[WORK TASK]:
Make a verbatim copy of the records; pictures stay out.

:: RECORDS SHOWN ::

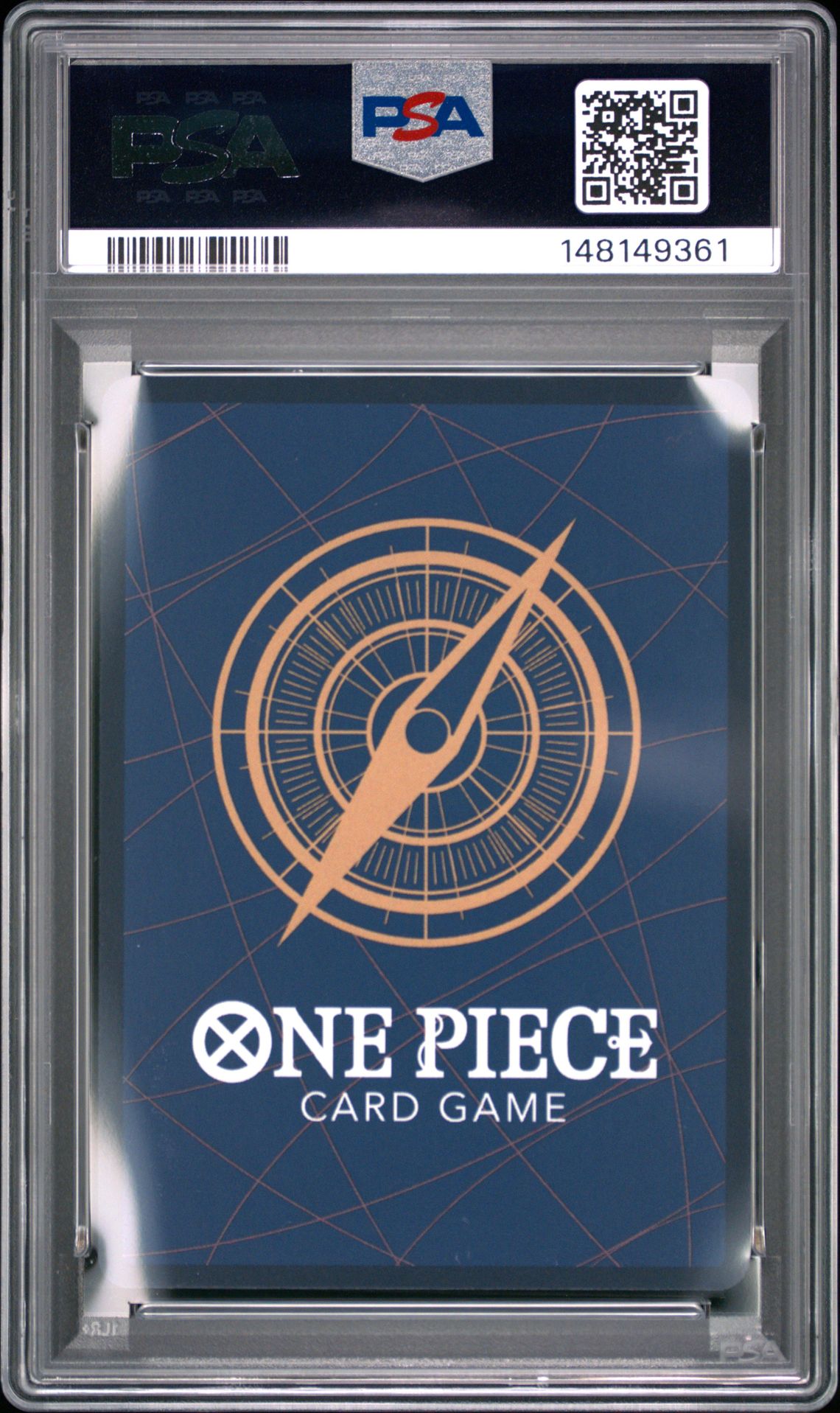 2025 One Piece Promos Yamato #016 (Illustration Box Vol.2) Gem Mt 10 back view - PSA certificate #148149361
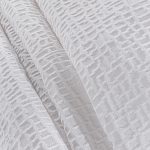 Κουβέρτα Luna White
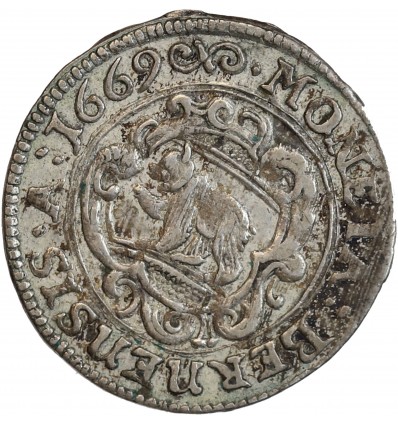 10 Kreuzer - Suisse Berne Argent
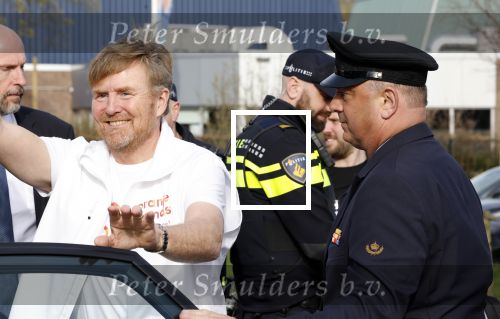 Badhoevedorp 15 maart 2024
Koning Willem Alexander en Koningin Maxima bij NL Doet in Badhoevedorp.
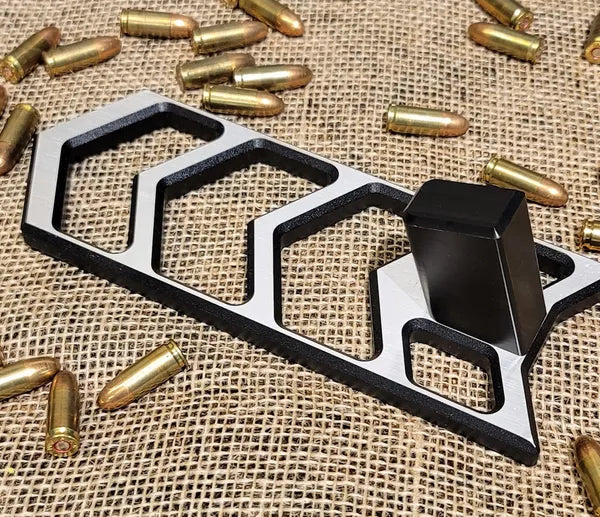Chevron Pistol Stand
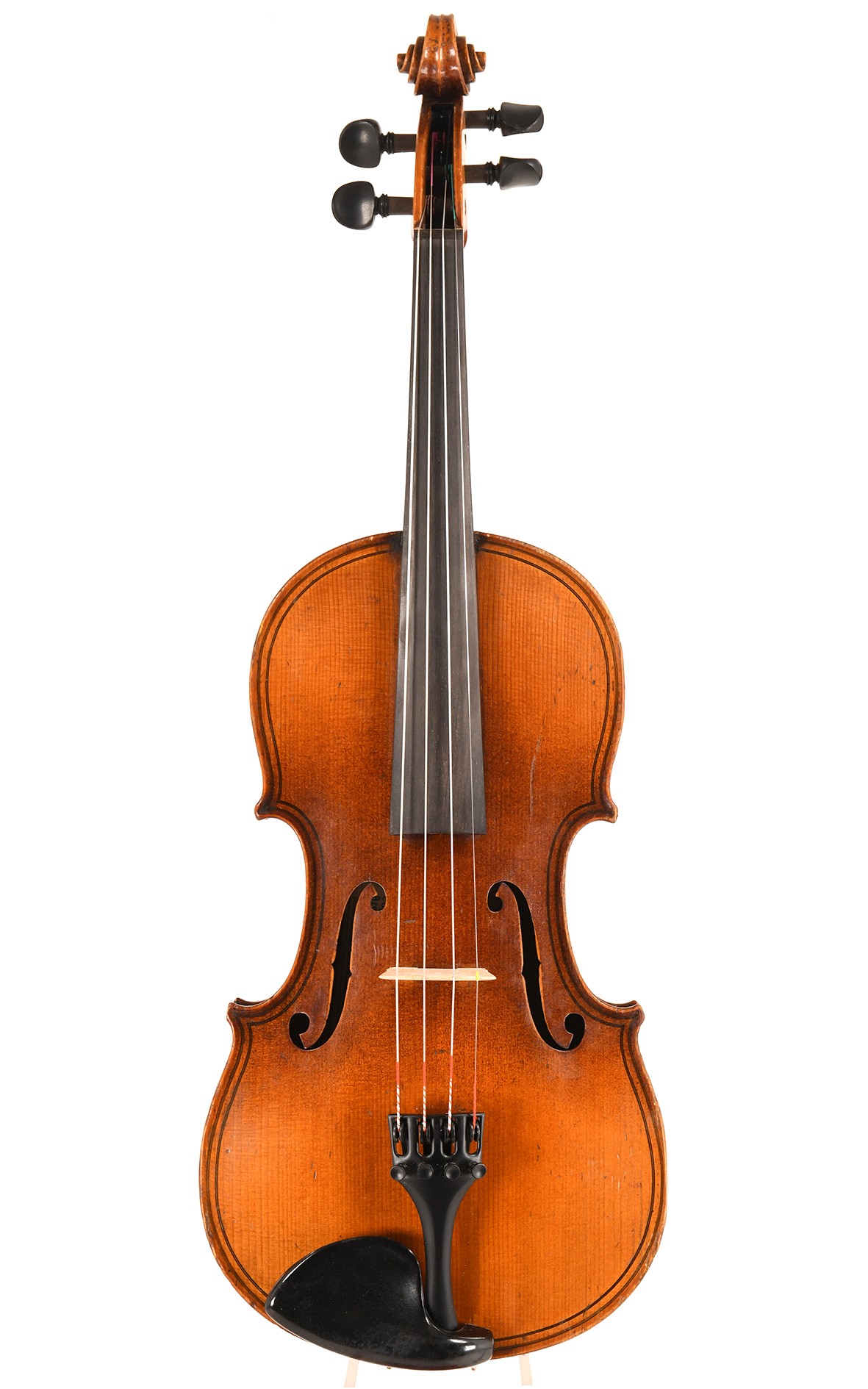 Alte Deutsche Geige. Maggini-Modell von Hermann Dölling jun., um 1910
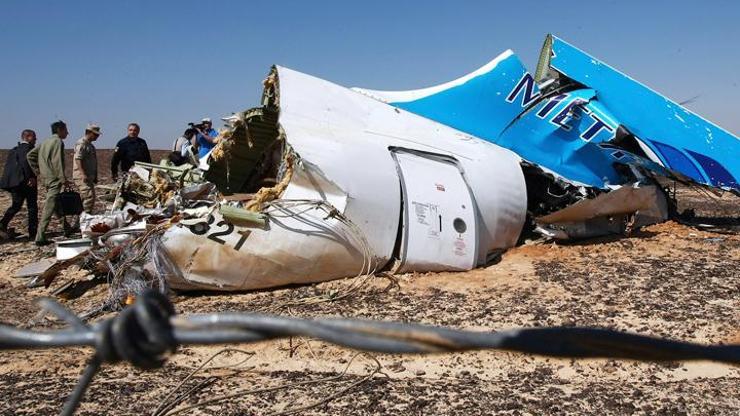 Rus yolcu uçağı terör saldırısı sonucu düşmüş olabilir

:::

[RESULT BELOW]:
 2025 One Piece Promos Yamato #016 (Illustration Box Vol.2) Gem Mt 10 back view - PSA certificate #148149361
 Κουβέρτα Luna White
 10 Kreuzer - Suisse Berne Argent
 Badhoevedorp 15 maart 2024
Koning Willem Alexander en Koningin Maxima bij NL Doet in Badhoevedorp.
Chevron Pistol Stand
 Alte Deutsche Geige. Maggini-Modell von Hermann Dölling jun., um 1910
 Rus yolcu uçağı terör saldırısı sonucu düşmüş olabilir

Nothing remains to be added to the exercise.